Kevin Gaffney is an artist filmmaker. His work is in the Irish Museum of Modern Art’s collection and has been shown internationally in exhibitions and film festivals including: European Media Art Festival (Germany, 2016); Out There, Thataway at CCA Derry~Londonderry (2015); and the 10th Imagine Science Film Festival (New York, 2017). He graduated from the Royal College of Art, London in 2011 with an MA in Photography & Moving, and was awarded the first Sky Academy Arts Scholarship for an Irish artist in 2015. He was an UNESCO-Aschberg laureate artist in residence at the National Museum of Modern and Contemporary Art’s Changdong Residency in South Korea (2014) and received the Kooshk Artist Residency Award to create a new film in Iran (2015).
Art on Campus
In September I began my role as artist-in-residence at the Marino Institute of Education (MIE), an initiative for artists to work in institutions that provide initial teacher education funded by the Arts Council. The aims of the residency are: for the artist to develop their skills and work in a supportive education setting; for preservice teachers to have a meaningful engagement with the arts; and to support preservice teachers in developing confidence and skills in passing these meaningful experiences onto their students.
Working closely with Dr. Michael Flannery (Head of Art & Religious Education at MIE), we decided on a programme of formal inputs into courses and ways to disseminate my work to students and staff. In the first few months of the residency, I then set about on a mission to ‘activate art’ on campus with a programme of talks, exhibitions and screenings, alongside giving formal inputs into classes.
I decided to turn the lobby and windows of the Nagle-Rice building into an exhibition space where students and staff could spend a few moments looking at my work. During October I exhibited two films here: Everything Disappears which I made in Taiwan, and is in Mandarin with English subtitles; and Our Stranded Friends in Distant Lands which I made in South Korea and is in Korean with English subtitles. Photographic prints in the window space deconstructed the films into still images and accompanying scripts in English.
I then gave a lunchtime artist talk discussing these projects, the research behind them and the process of making them.

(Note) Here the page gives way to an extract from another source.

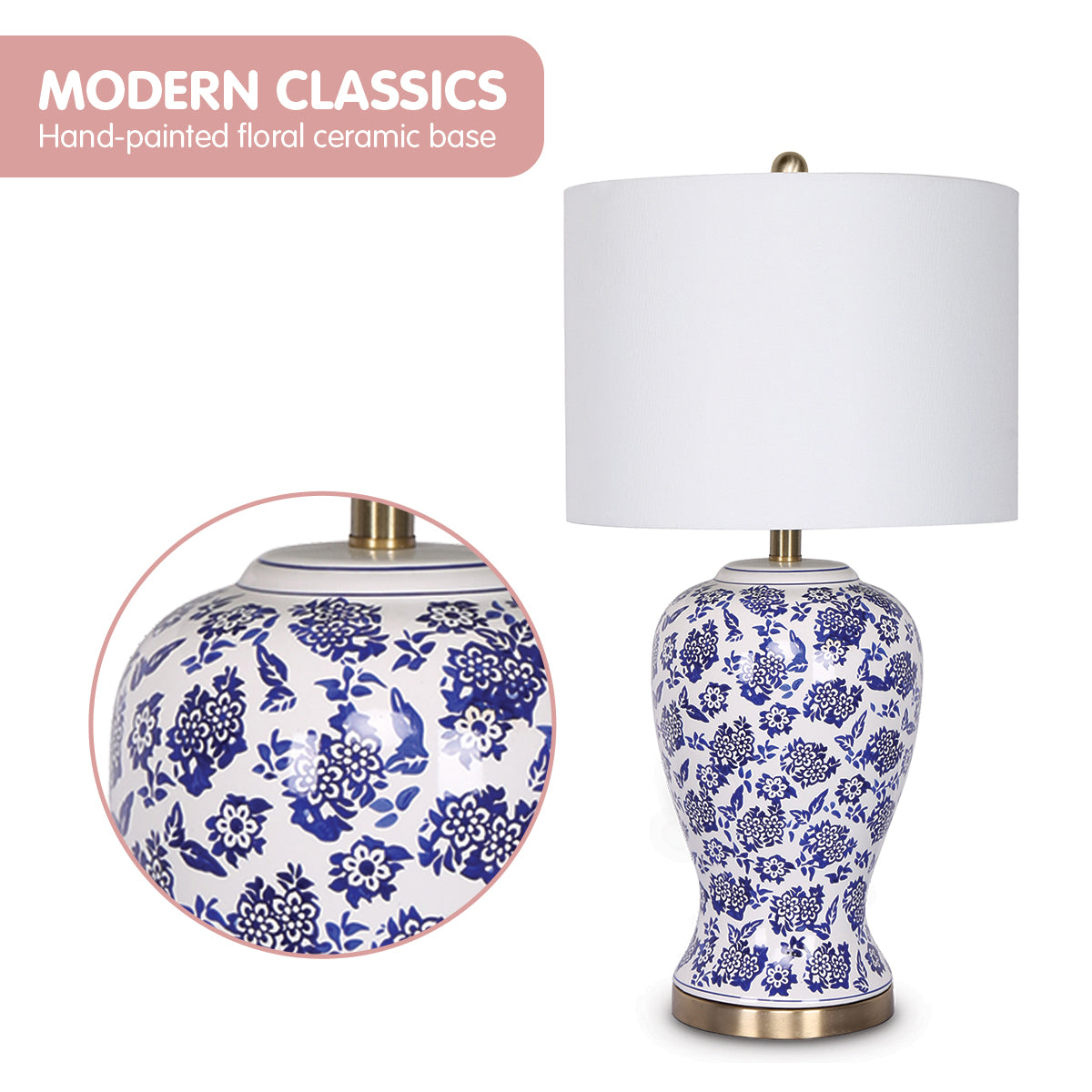 sarantino-table-lamp-ceramic-floral-base-cotton-drum-shade www.mallsonline.com.au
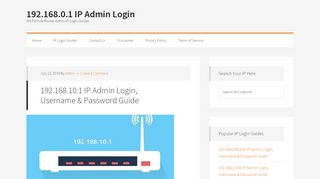 
                            6. 192.168.10.1 IP Admin Login, Username & Password Guide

As well as making the campus aware of my work as the new artist on campus, I also wanted students to encounter the work in a way similar to when they are installed in a gallery, before we began to work together in a lecture.
In October, I brought a group of 12 students on an excursion to my studio at Fire Station Artist Studios on Buckingham St, Dublin 1, and then continued on to see an exhibition that dealt with mediating art to primary school groups at Dublin City Council’s The LAB gallery on Foley St. My aim was for students to become aware of the visual art spaces in the North city centre, and also for them to see ‘behind the scenes’ of an artists studio and sculpture workshop, and then a final installation in a gallery.
For a number of evenings in November and December, I held a series of screenings to introduce video art and experimental filmmaking. As the series spanned from the beginnings of video art (Nam June Paik) to surrealism (Luis Buñuel and Salvador Dalí) to current practices (Hito Steyerl), I gave the context of the works and topics in art history and then led informal discussions following the screenings. I hope the series encouraged students to engage with artist film and experimental film, and to feel confident discussing such works on school trips to galleries and museums in the future.
Next year I’m looking forward to continuing this work on campus and being involved with the Masters in Education Studies (Visual Arts).